110th Patriarch of the Syriac Orthodox Church of Antioch (1768–1781)

Ignatius George IV was the Patriarch of Antioch and head of the Syriac Orthodox Church from 1768 until his death in 1781.

==Biography==
George was born in Mosul in 1709. His father's name was Mousa and he was from the family of priest Abdaljalil from Mosul. He gained knowledge in Syriac and religious studies and in 1729 he travelled to Mor Hananyo where he was ordained a monk and then a priest. In January 1737, Ignatius Shukrallah II ordained him as Metropolitan of Hattack near Diyarbakir, calling him Cyril George. In 1742, Ignatius George III sent him on a mission to Mosul to check on the diocese there and while he was there Nader Shah laid siege on Mosul for about one month. After the siege was lifted, he stayed to take care of renovating the churches in Mosul that were damaged by the artillery of Nader Shah's campaign including the Church of Saint Thomas. In 1747, Patriarch Ignatius George III appointed him as the superior of Mor Hananyo and the diocese of Mardin. When Basil Lazarus IV, Syriac Orthodox Maphrian of the East died in 1759, Patriarch Ignatius George III selected Cyril George as the new Maphrian in 1760, and was given the name Basil George and was consecrated at the church in Amid. As was still the superior of Mor Hananyo, he gave the administration of the Maphrianate to his cousin Bishop Cyril Rizk Allah from Mosul. In 1762, he visited Mosul again and stayed there until 1763

When Ignatius George III died in July 1768, the Holy Synod elected Basil George as the new patriarch after a request from the faithful in Mardin and Amid. The new patriarch inherited a lot of debt from his predecessors and many churches and monasteries were in a bad shape due to the effects of the schism in the church. After he was consecrated, he went his brother, Deacon Isaiah, to the capital, Constantinople, and he obtained the royal decree for him for the Ottoman Sultan. During his reign, he paid all the church debt and build and renovated many churches and monasteries.

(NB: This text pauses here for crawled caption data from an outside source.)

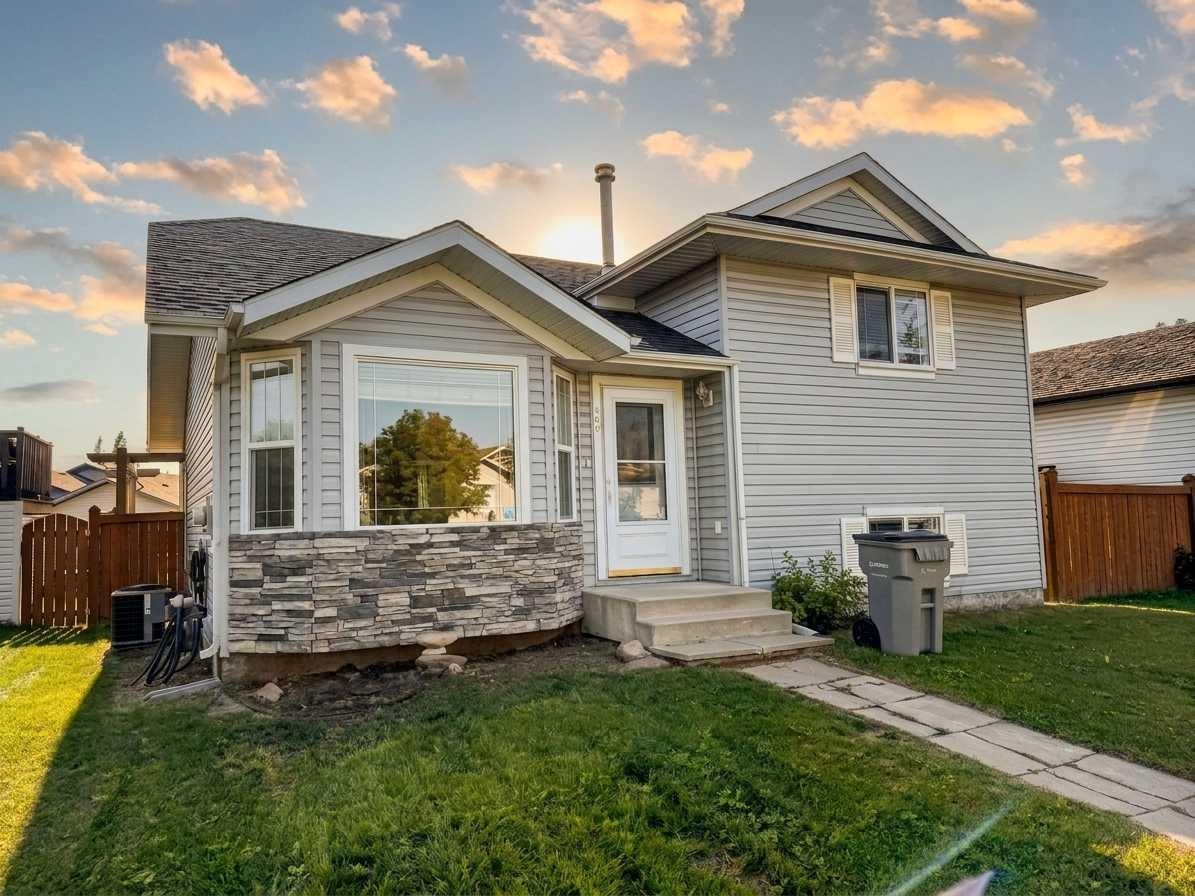 108 Pinnacle Boulevard, Grande Prairie, AB, T8W 2V7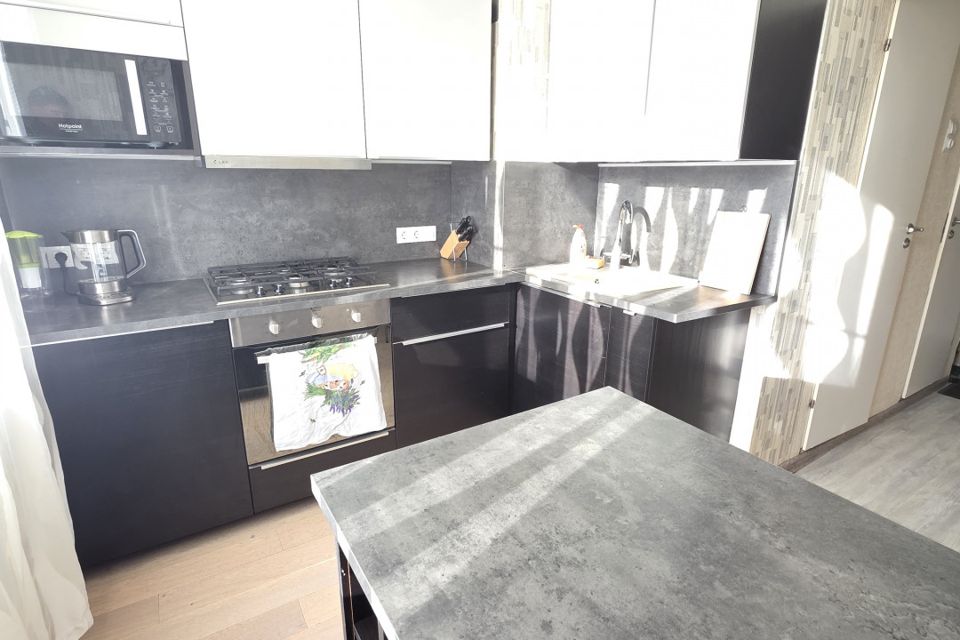 Продаётся 1-комнатная квартира, 34 м²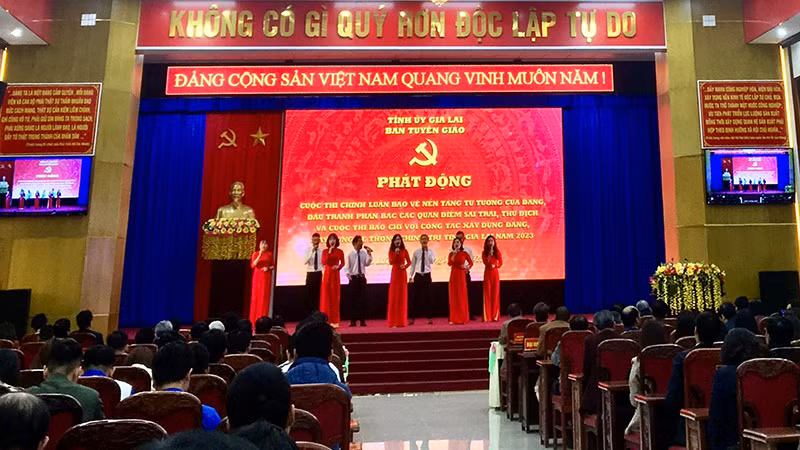 Quang cảnh buổi phát động 2 cuộc thi chính luận bảo vệ nền tảng tư tưởng của Đảng và xây dựng Đảng.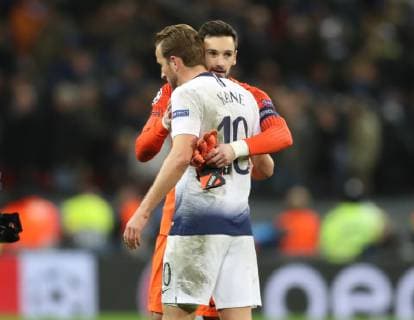 Hugo Lloris of Tottenham celebrates the win with Harry Kane of Tottenham during the UEFA Champions League, Group B match at Wembley Stadium, London. Picture date: 28th November 2018. Picture credit should read: David Klein Sportimage EDITORIAL USE ONLY. No use with unauthorised audio, video, data, fixture lists, club league logos or live services. Online in-match use limited to 120 images, no video emulation. No use in betting, games or single club league player publications. A54I6729.JPG
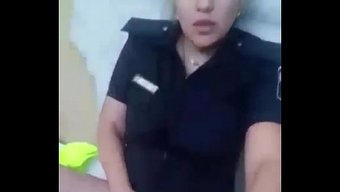 Üniformalı...
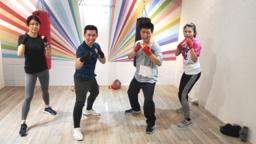 闐闐張 - 沙包拳擊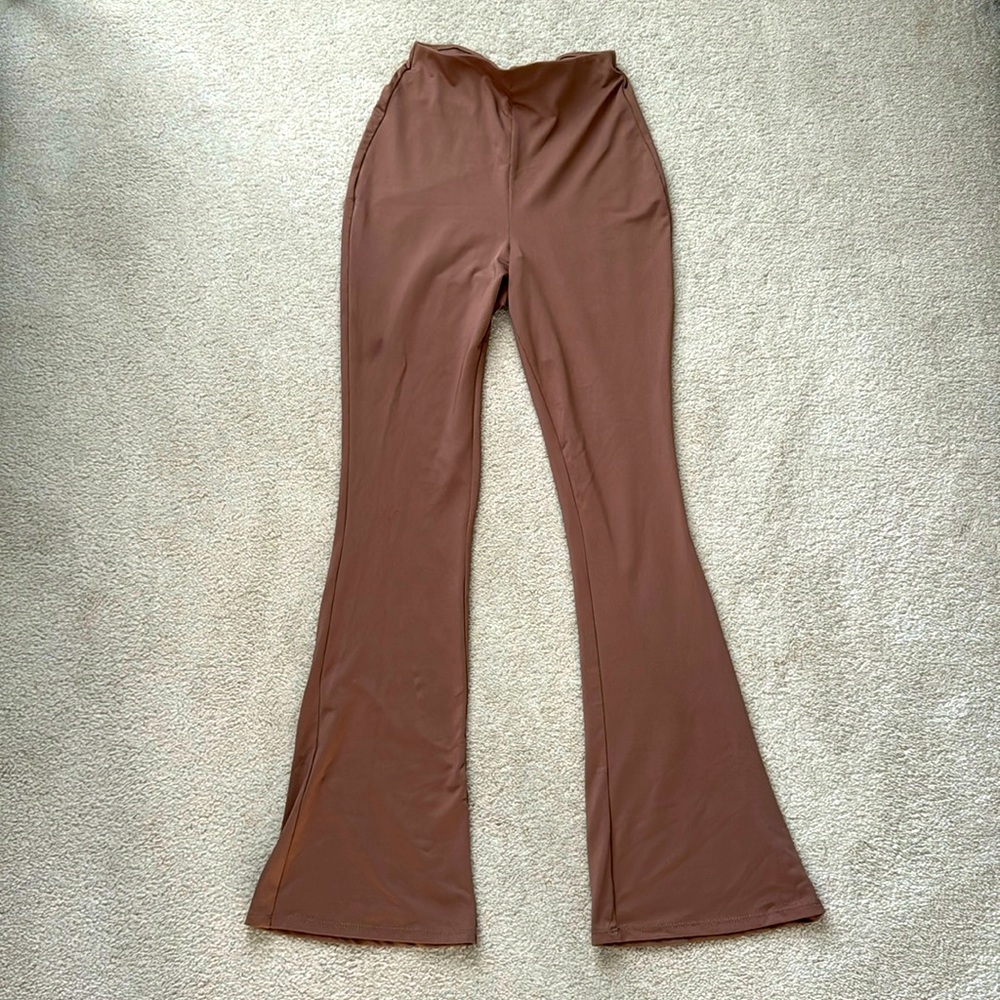 Flared leggings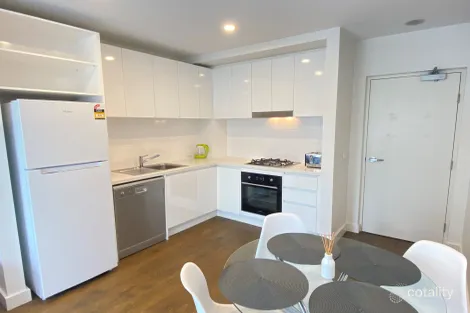 Property photo of 104/813 Toorak Road Hawthorn East VIC 3123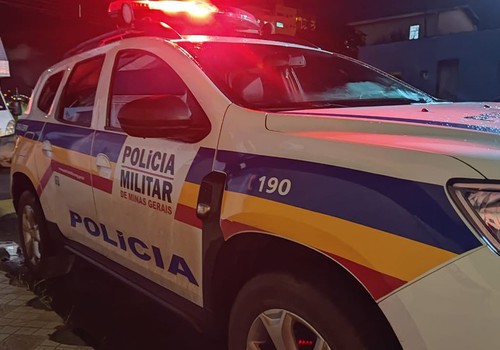 Homem é preso após agredir a companheira com diversos socos e chutes em via pública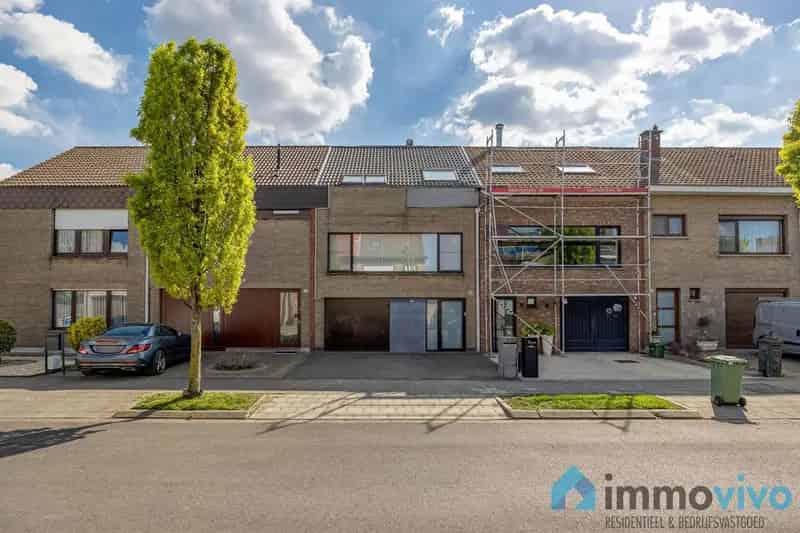 Huis te koop Schelle: 4 slaapkamers, 2 badkamers, garage, zuidtuin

During his time as a patriarch, the pull of the Roman Catholic doctrine was appearing in the diocese of Aleppo and pushing it to secede from the Syriac Orthodox Church with support from the Catholic Missionaries and the French counsel in Aleppo. This movement was led by the bishop Michael Jarwa, who was the Syriac Orthodox Church Metropolitan of Aleppo and who was ordained by patriarch Ignatius George III in 1766. Ignatius George IV tried to solve the issues and gain the faithful back to the church but the diocese of Aleppo ended up seceding from the "mother church" with the exception of two priests and few families.

==Episcopal succession==
During Ignatius George IV time as a Patriarch and a Maphrian, he had the duty to ordain and consecrate many Metropolitans in the Syria Orthodox church in addition to tens of priests, monks, and deacons
1. Cyril Bishara (1761–1789). Metropolitan of the Patriarchal office, in 1773 bishop of Amid, later Metropolitan of Jerusalem
2. Iyawannis Behnam (1763–1776). Metropolitan of the Monastery of Mor Behnam
3. Gregorius Antone (1768–1774). Bishop of Gargar and Hisn Mansour
4. Cyril Matthew Abdulahad (1770 -1782). Metropolitan of Mosul and Mor Mattai Monastery . Later, he was elected Ignatius Matthew, the 111th Patriarch of Syriac Orthodox Church (1782–1817).
5. Cyril Mansour. Metropolitan of Jerusalem
6. Cyril Mousa (1771). Metropolitan of Mar Mousa Monastery in Syria
7. Clemis Ibraheem (1772). Ecumenical Metropolitan
8. Julius Abdulahad (1774-1792)). Metropolitan of the Patriarchal office, abbot of Mor Hananyo Monastery.
9. Iyawannis Ne’matallah (1774). Ecumenical Metropolitan
10. Timothy Abdulahad (1774). Metropolitan of Bitlis
11. Dionysius Abdullah (1777). Metropolitan of Aleppo
12. Cyril Ibraheem (1777). Ecumenical Metropolitan
13. Jacob Mirijan (1778–1804). Bishop of Mydiat
14. Julius Israel (1779). Metropolitan of the Monastery of Beth El
15. Cyril Andulaziz (1782-1816). Bishop of Mosul and Mor Mattai Monastery

==Death==
Ignatius George IV died in 1781 in Mor Hananyo and was buried at Beth Qadish in the same monastery.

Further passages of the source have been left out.